» Data for review
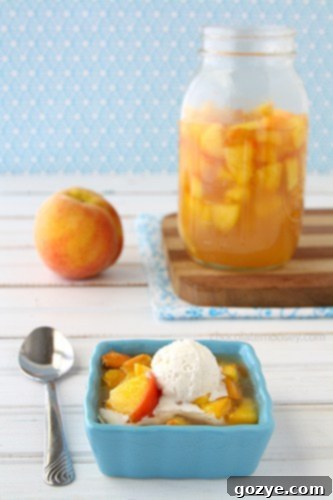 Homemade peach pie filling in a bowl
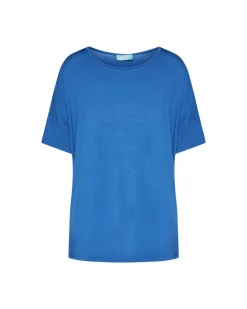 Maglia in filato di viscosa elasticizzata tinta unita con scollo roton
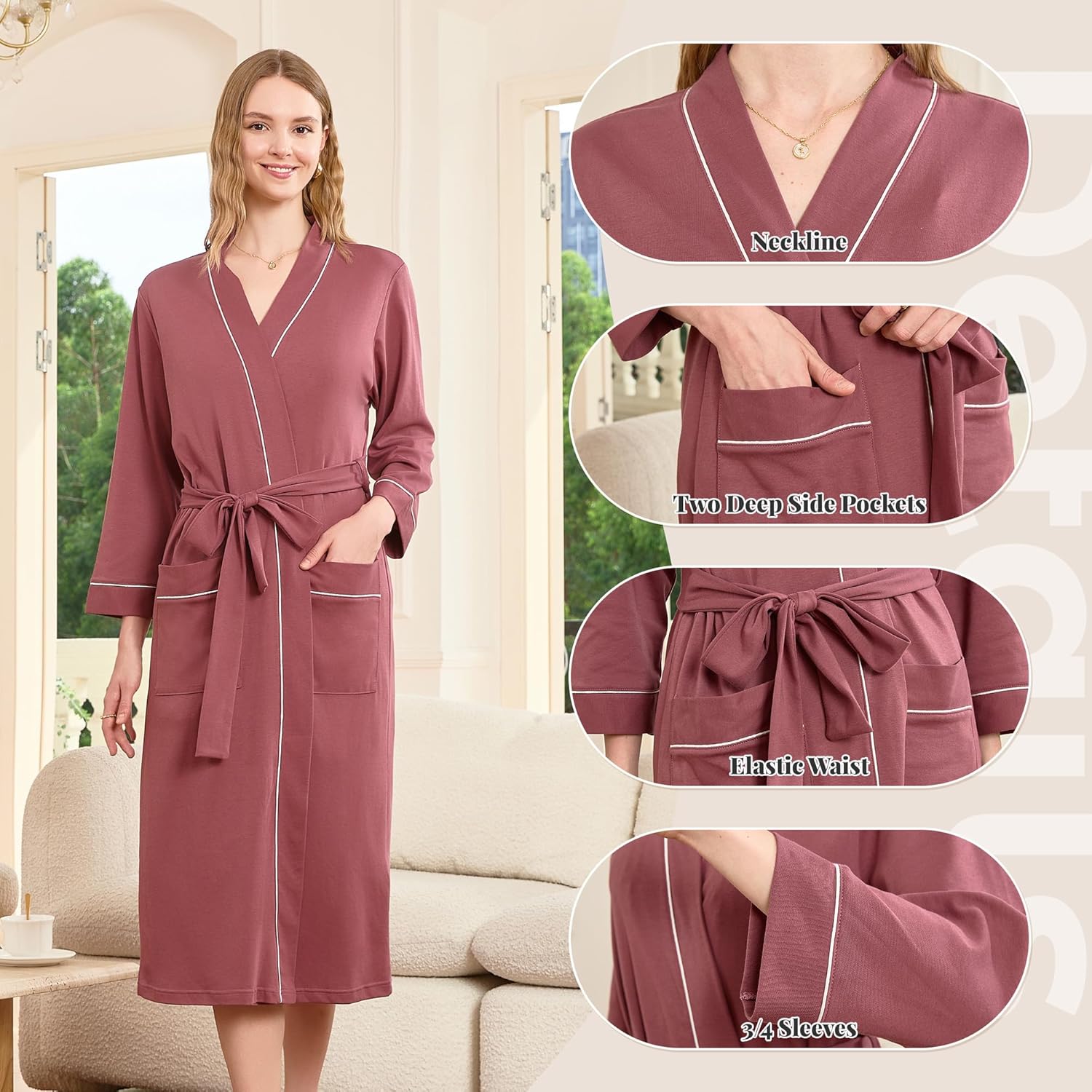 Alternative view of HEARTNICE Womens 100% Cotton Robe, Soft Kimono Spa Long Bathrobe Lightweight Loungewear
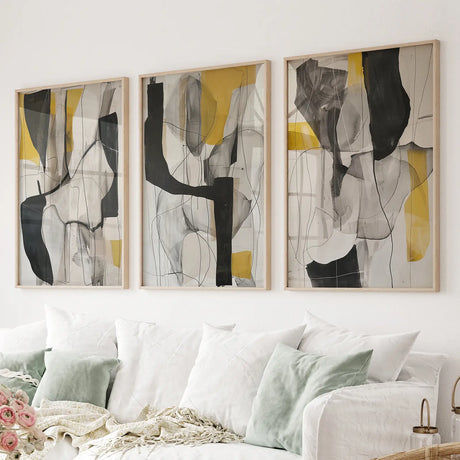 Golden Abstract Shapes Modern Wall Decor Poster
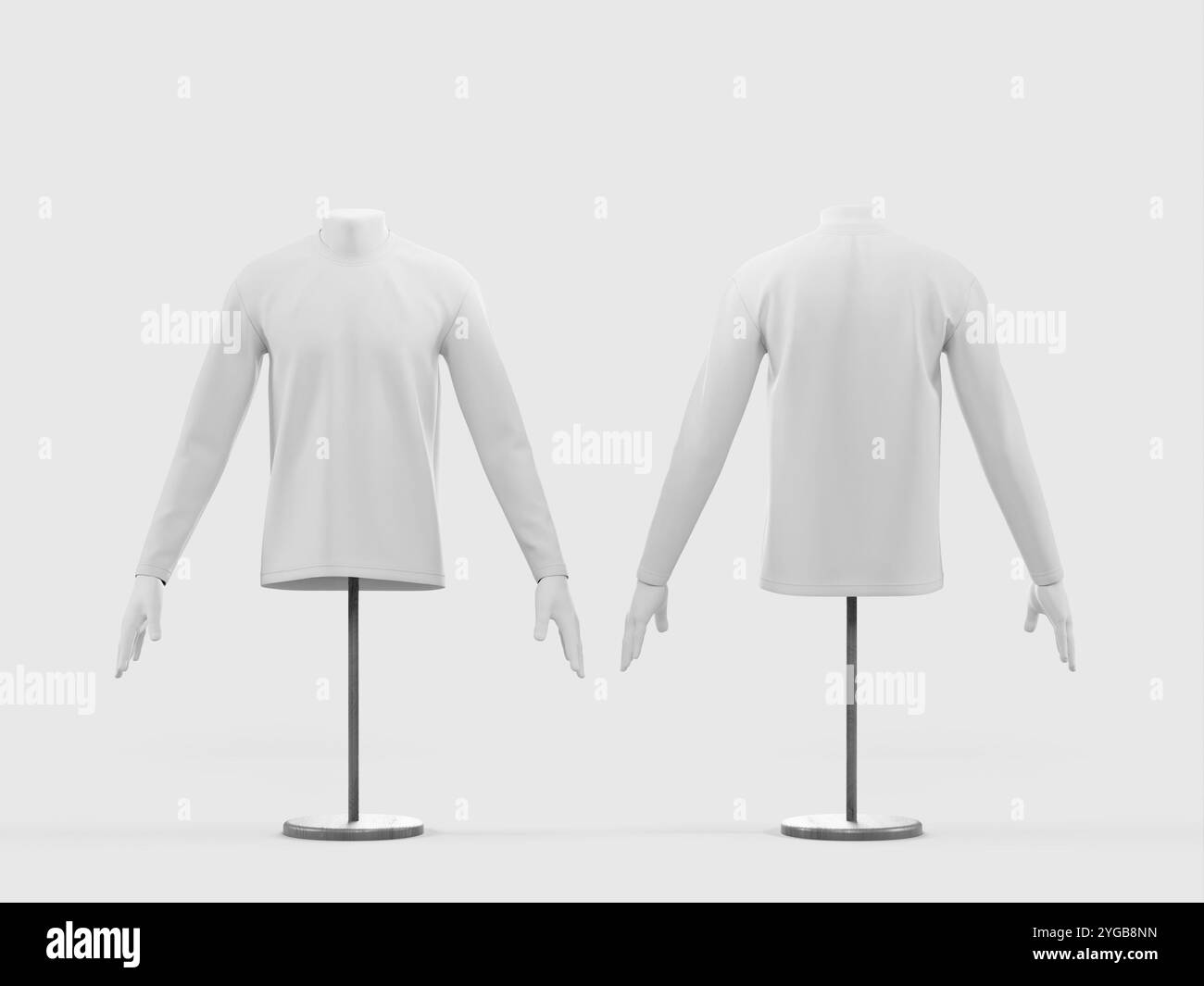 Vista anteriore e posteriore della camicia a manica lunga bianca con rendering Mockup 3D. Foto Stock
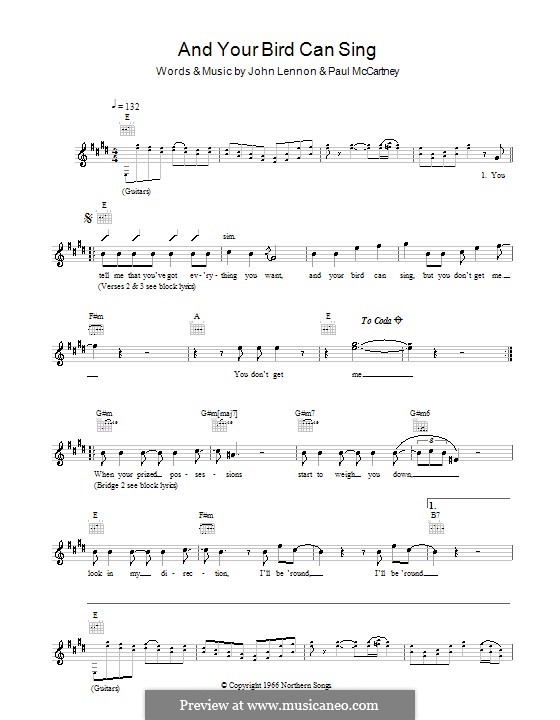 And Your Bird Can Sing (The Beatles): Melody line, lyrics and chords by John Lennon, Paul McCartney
==
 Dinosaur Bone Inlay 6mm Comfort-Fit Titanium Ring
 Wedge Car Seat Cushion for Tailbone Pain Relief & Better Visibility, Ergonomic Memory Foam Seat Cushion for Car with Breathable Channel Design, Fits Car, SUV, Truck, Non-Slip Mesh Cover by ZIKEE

» Problem
Start at the line above containing "Maglia in filato" and stop at the line containing "And Your Bird": print those lines and everything between them exactly, but not the pictures.

» Your response
 Maglia in filato di viscosa elasticizzata tinta unita con scollo roton
 Alternative view of HEARTNICE Womens 100% Cotton Robe, Soft Kimono Spa Long Bathrobe Lightweight Loungewear
 Golden Abstract Shapes Modern Wall Decor Poster
 Vista anteriore e posteriore della camicia a manica lunga bianca con rendering Mockup 3D. Foto Stock
 And Your Bird Can Sing (The Beatles): Melody line, lyrics and chords by John Lennon, Paul McCartney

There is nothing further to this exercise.